Two cutters would patrol the ice fields during the three-month ice season from April through June, and attempt to keep the trans-Atlantic shipping lanes free from floating derelicts the rest of the year. The ice patrol would also engage in a formal program of ice observation.
This three-part strategy led to the creation of the International Ice Patrol in January 1914.
Bertholf was appointed chairman of the newly created Inter-Departmental Board on International Service of Ice Observation, Ice Patrol, and Ocean Derelict Destruction. He placed the work of the IIP under the direction of the Coast Guard.

Scientists from the Bureau of Standards and the Bureau of Fisheries accompanied the ice-season cruises of the Seneca and Miami in 1914. From Newfoundland to Greenland, they collected data on meteorology and oceanography, while collecting specimens of plankton. In July, after the ice season, a special oceanographic cruise saw the Seneca back on the banks measuring ocean currents and their effect on ice drift. This marked the Coast Guard's first cruise dedicated solely to oceanographic research.

Oceanographer A.L. Thuras led the recording team. They measured surface temperatures, densities and salinities at hundreds of locations. This data was essential for the study of the dynamics of ocean circulation in the banks region.

Thuras wanted to determine once and for all what became of the south-flowing Labrador current when it wandered at a right angle into the warm waters of the Gulf Stream. It is this current that carries bergs, broken from the coasts of Labrador and Greenland, and deposits them in the North Atlantic shipping lanes. The cold current mixes with the warm stream to create a fog-bound graveyard of melting icebergs.

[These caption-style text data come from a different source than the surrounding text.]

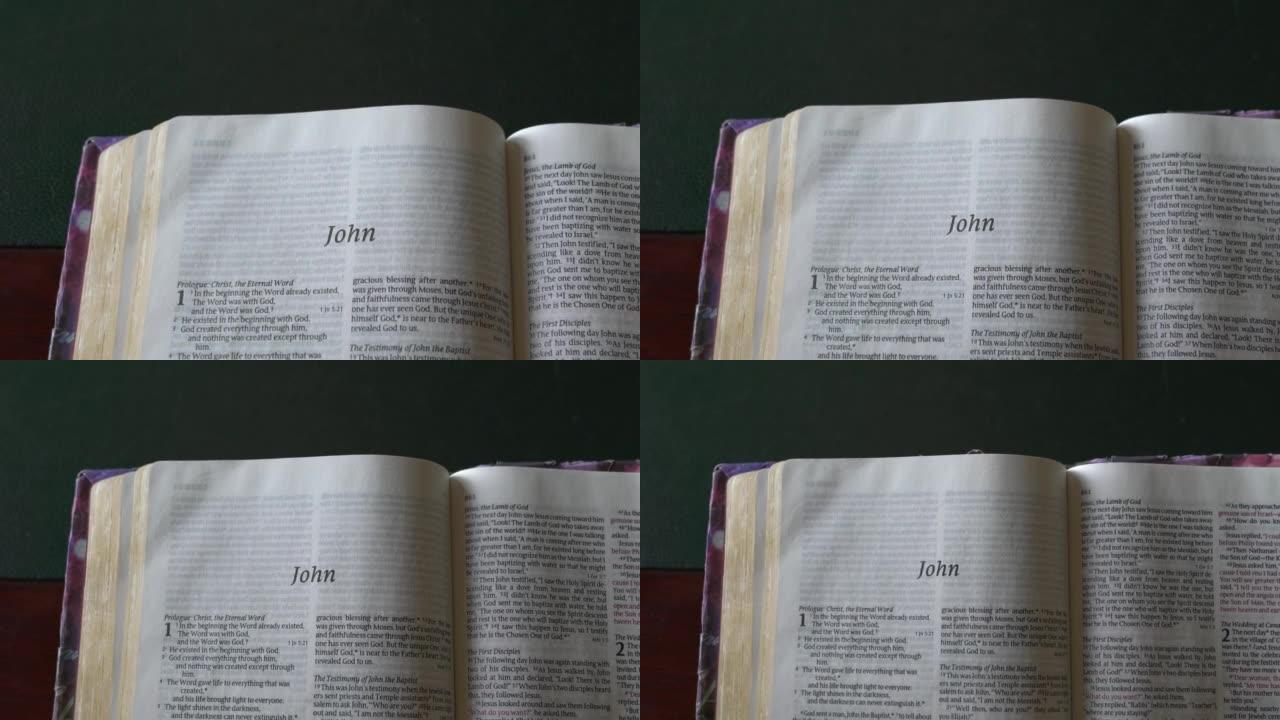 约翰福音在圣经的新约中。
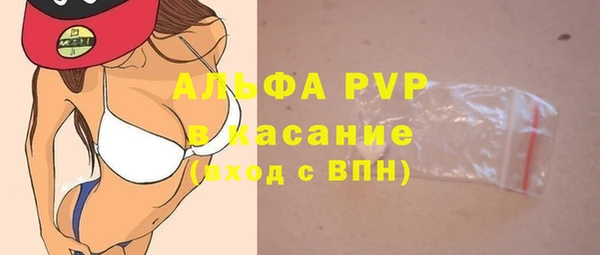 дмт Абинск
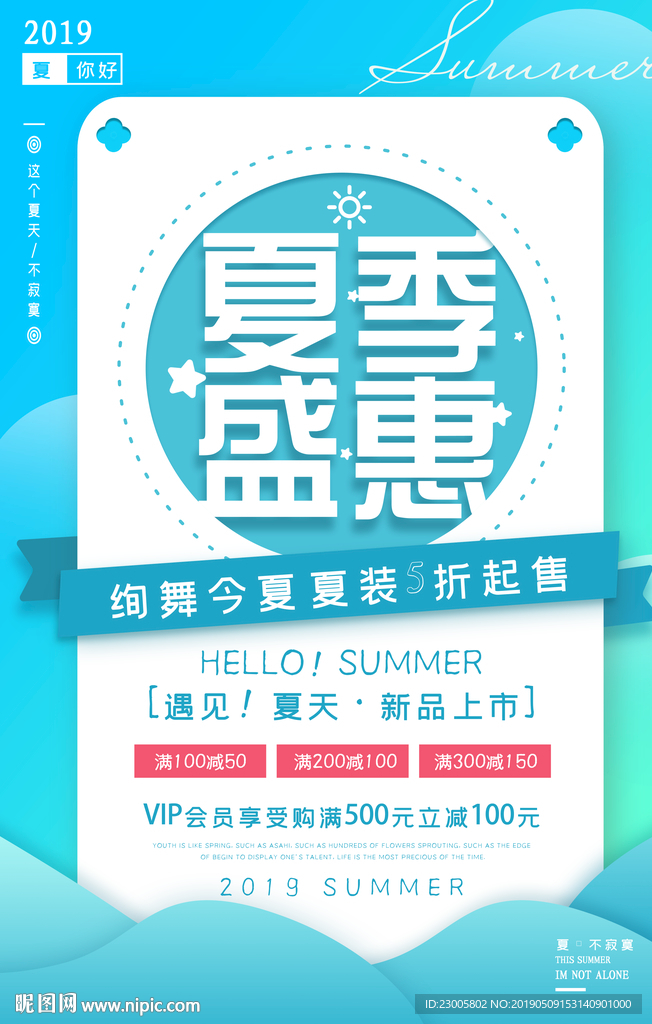 夏季促销海报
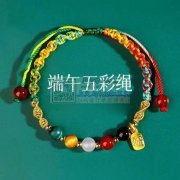 采购图上产品现货，寻找现货，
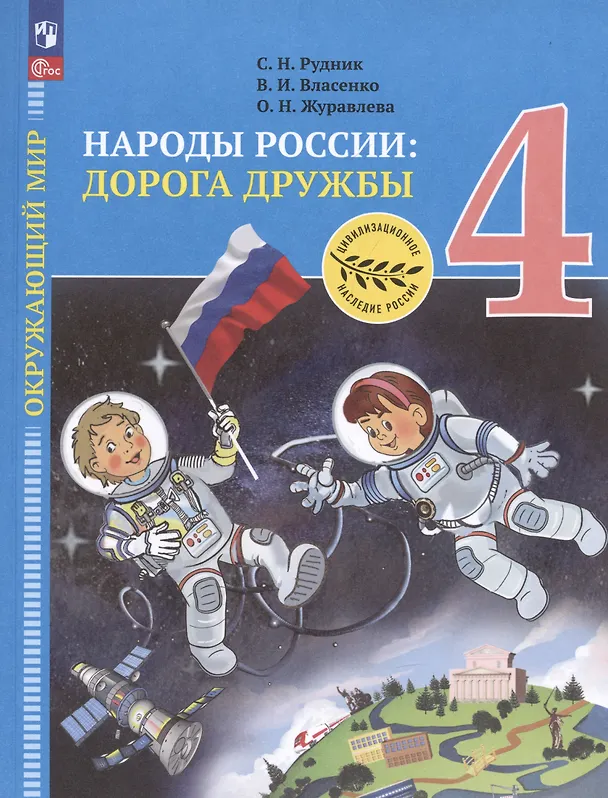 Книга Окружающий мир. 4 класс. Народы России: дорога дружбы. Золотая книга российского народа. Учебник (Сергей Рудник) — 4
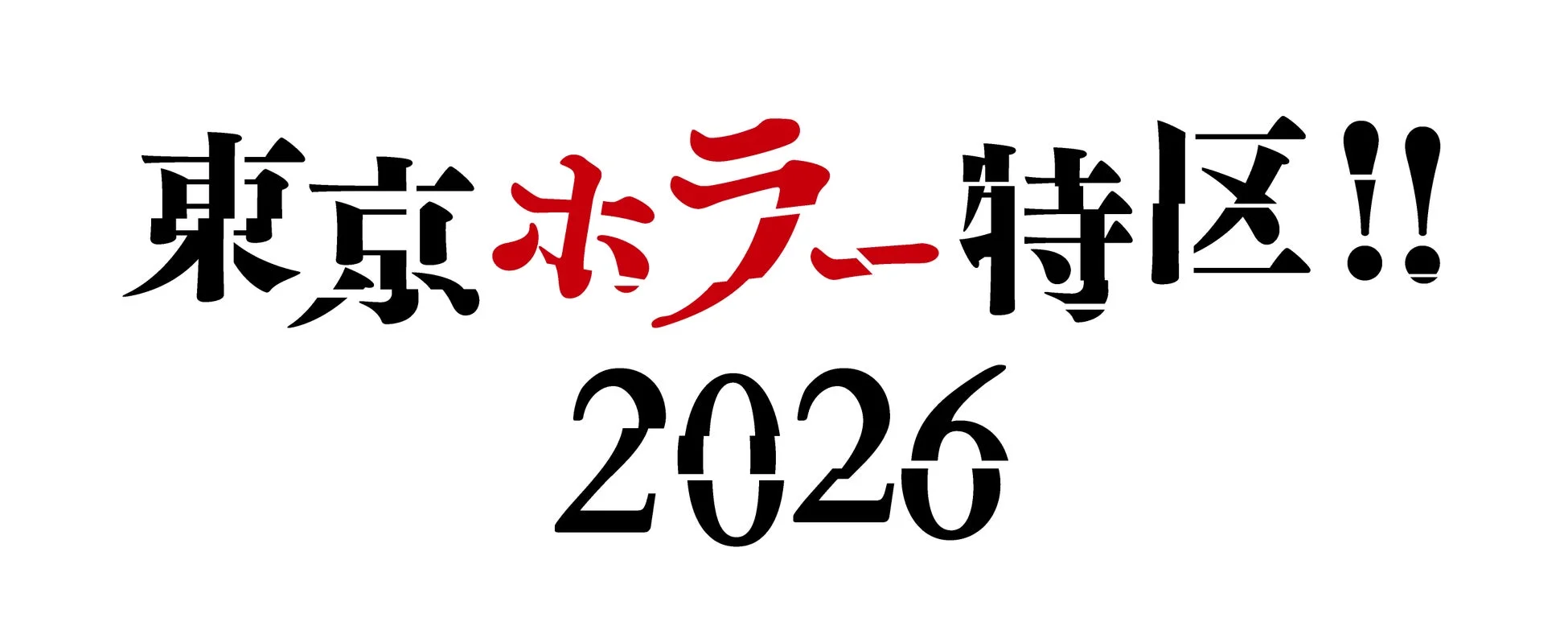 東京ホラー特区!! 2026
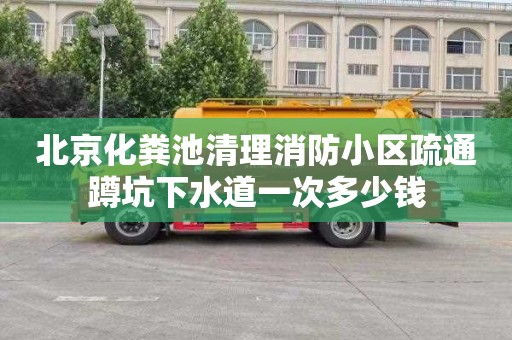 北京化粪池清理消防小区疏通蹲坑下水道一次多少钱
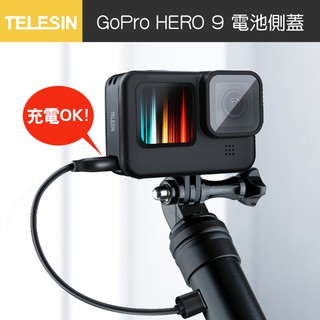 GoPro Hero 9 / 10 / 11 black 可充電 電池 側蓋 電池蓋 gopro10 配件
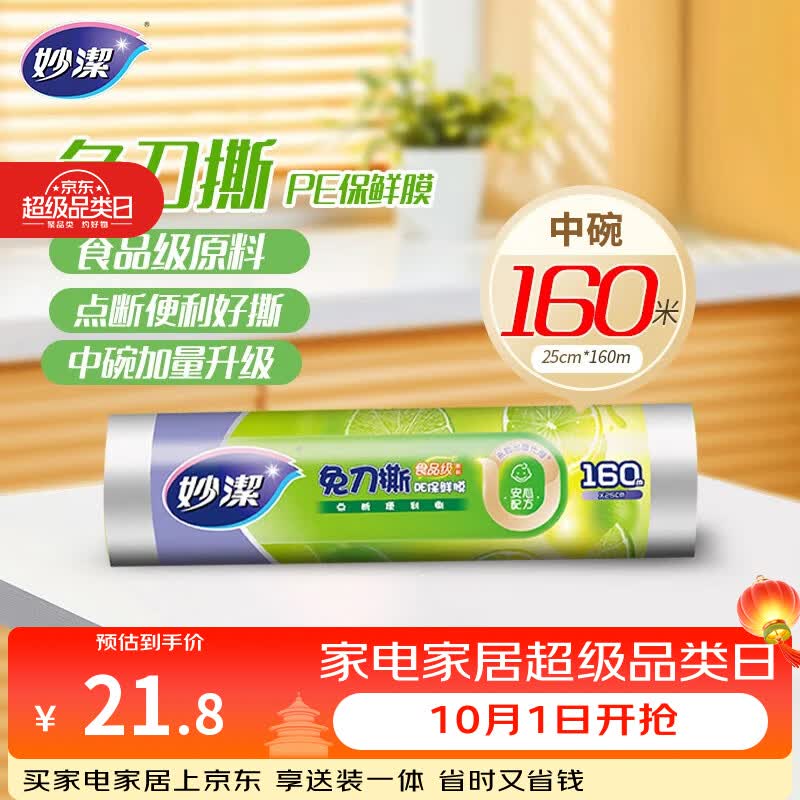 妙洁免刀撕PE保鲜膜160米中碗 家用点断式食品级微波炉冰箱不含塑化剂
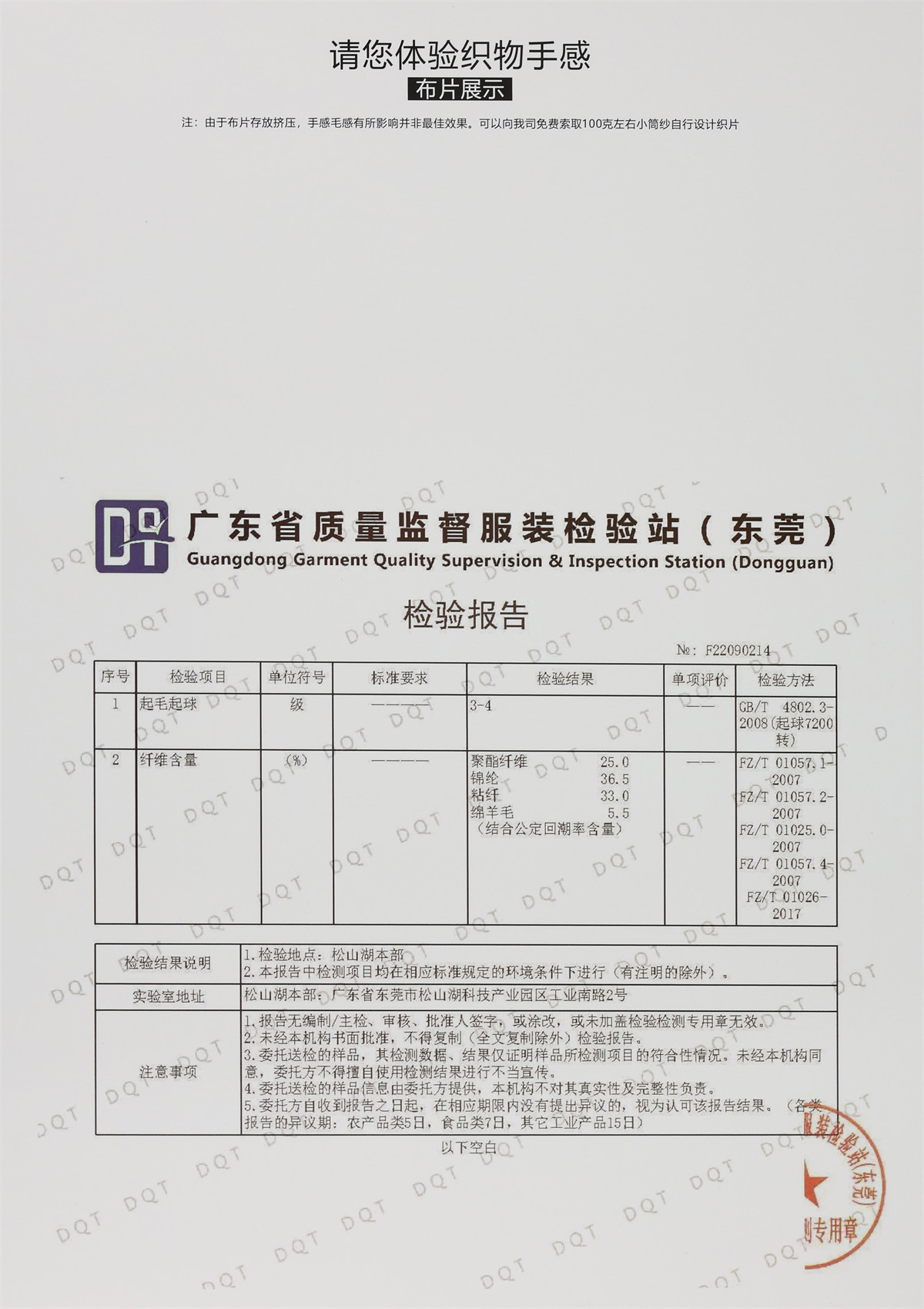 60/2NM 抗起球天丝羊毛混纺纱（天丝羔羊绒）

In 1916, Thuras, a civilian, became the first full-time Coast Guard oceanographer. By 1920, he led an oceanographic cruise to the banks that used a Greene-Bigelow water bottle to record salinity and temperature data, research showing that at no time was a berg sighted in the waters of the Gulf Stream where the temperature was above 15 degrees C. Vessels that stayed in this part of the current would save themselves from both fog and icebergs.

Starting in 1921, the annual report for the IIP was authored by a young Coast Guardsman named LTJG Edward Smith. Born on the island of Martha's Vineyard, Mass., in 1889, Smith descended from a family of whalers. After a year at the Massachusetts Institute of Technology, he entered the Coast Guard Academy, New London, Conn., when the academy was still known as the Revenue Cutter Service School of Instruction and classes were held aboard the Revenue Practice Cutter Itasca at Arundel Cove, Md.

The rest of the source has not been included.